= Dick baronets of Braid (putative) =

The Dick baronetcy of Braid is a supposed title in the Baronetage of Nova Scotia, said to have been created in 1641 for Sir William Dick of Braid (c.1590–1655) who was Provost of Edinburgh from 1638 to 1640. On 14 March 1768, John Dick, the British consul in Leghorn, was recognised in an Edinburgh court as holder of the baronetcy. Even so, it has been doubted whether the title was in fact created. Cokayne states that Dick was knighted, and that the supposition that he was made a baronet is "apparently in error".

==Background==
Sir William's fourth son, Alexander Dick of Heugh, was the father of the 1st Dick baronet of Prestonfield, while his fifth son, Louis, was John Dick's great-grandfather. John Dick's cause was championed by James Boswell, who had met him in Italy. After the consul died in 1805 without issue, a memorial that his claim had been invalid was issued by Charles Dick, male heir of Sir William's eldest son, another John Dick.

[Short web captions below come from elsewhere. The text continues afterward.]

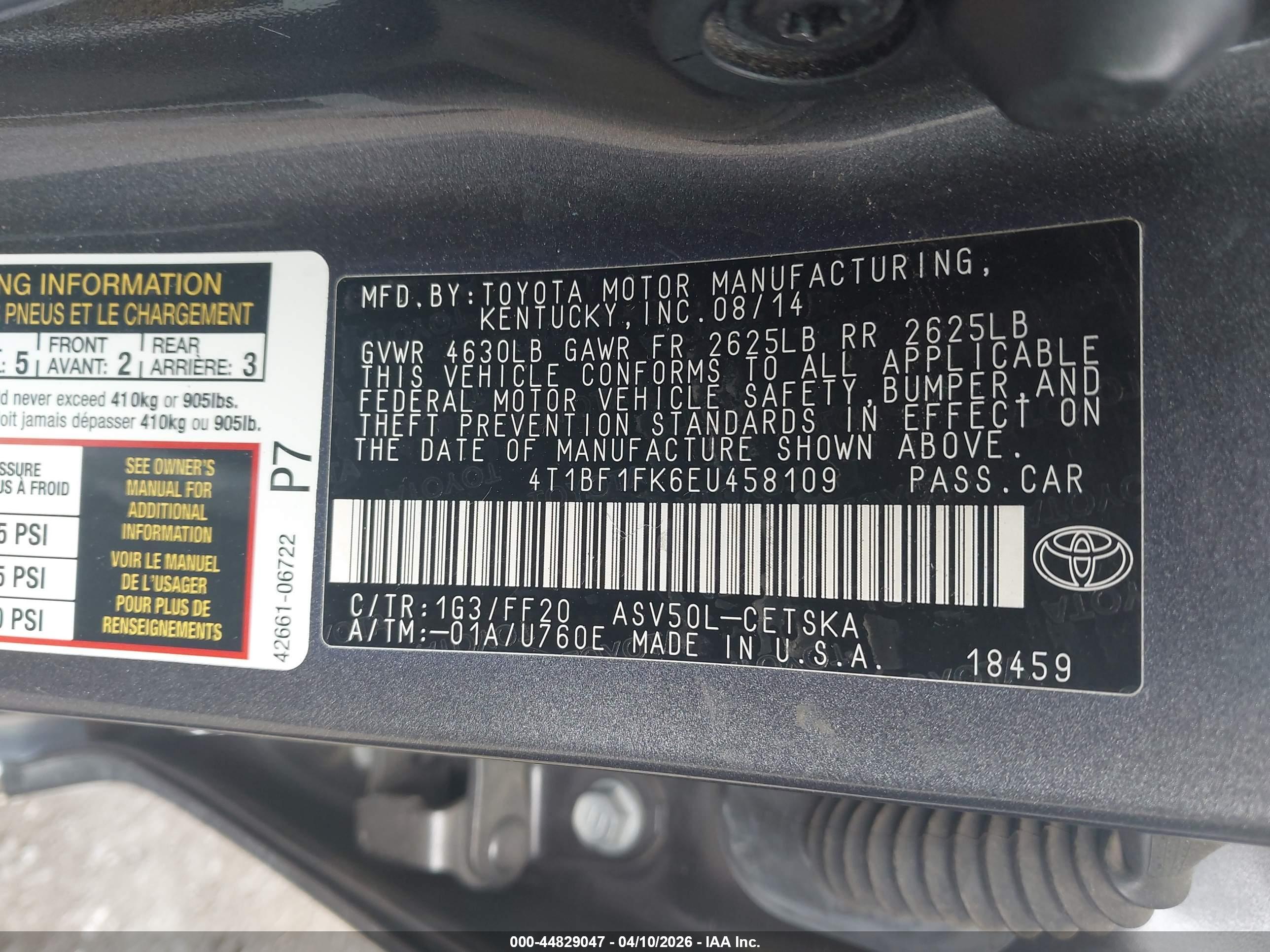 TOYOTA CAMRY image 9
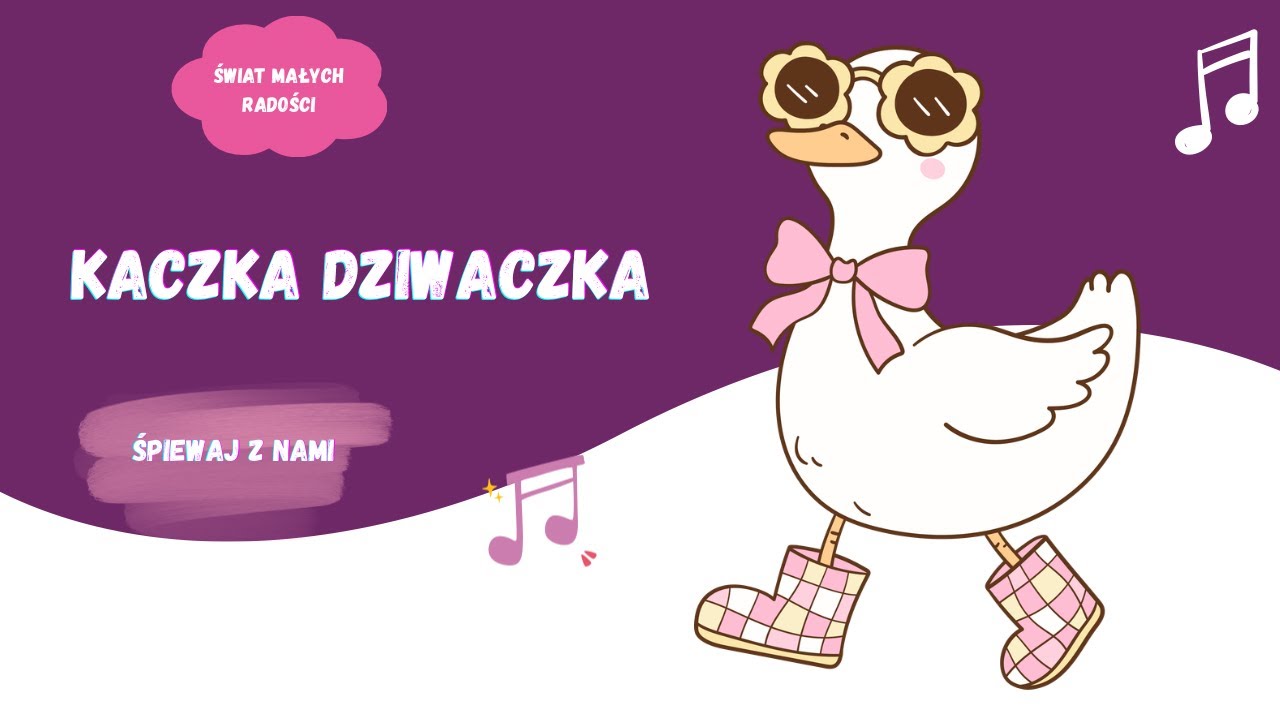Kaczka Dziwaczka 🦆 | Kultowa piosenka dla dzieci – Jan Brzechwa | Tańcz i śpiewaj!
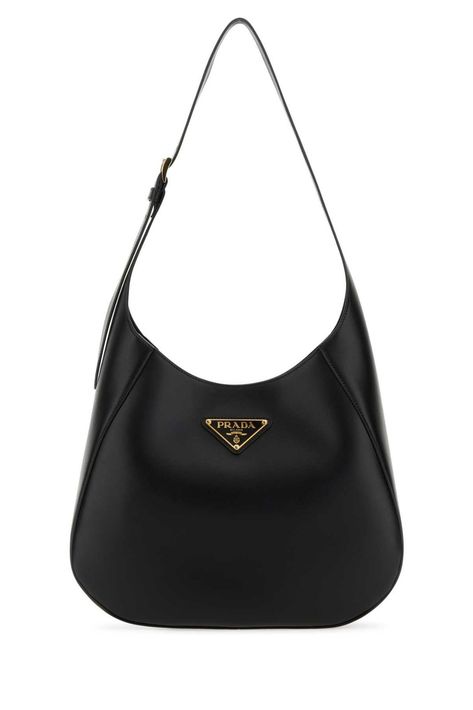 Discover great products at the best prices at Dealmoon. Prada Logo Plaque Medium Hobo Bag. Price:$3051.58 at CETTIRE Prada Bucket Bag, Prada Hobo Bag, Prada Fashion, Black Leather Shoulder Bag, Prada Logo, Leather Shoulder Handbags, Woman Bags Handbags, Prada Handbags, Fashion Sale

Charles' son William was legally recognised as Sir William's male heir in 1821 and began styling himself baronet. The baronetcy was never proved in law; it was recognised by Walford's County Families, Douglas' Baronage, and Dod's and Debrett's Peerages, but not Burke's. In 1873, The Herald and Genealogist found no contemporary evidence that Sir William Dick of Braid had received a baronetcy. Chamberlayne's Present State of Great Britain, upon which John Dick's 1768 claim was founded, described the baronetcy as extinct.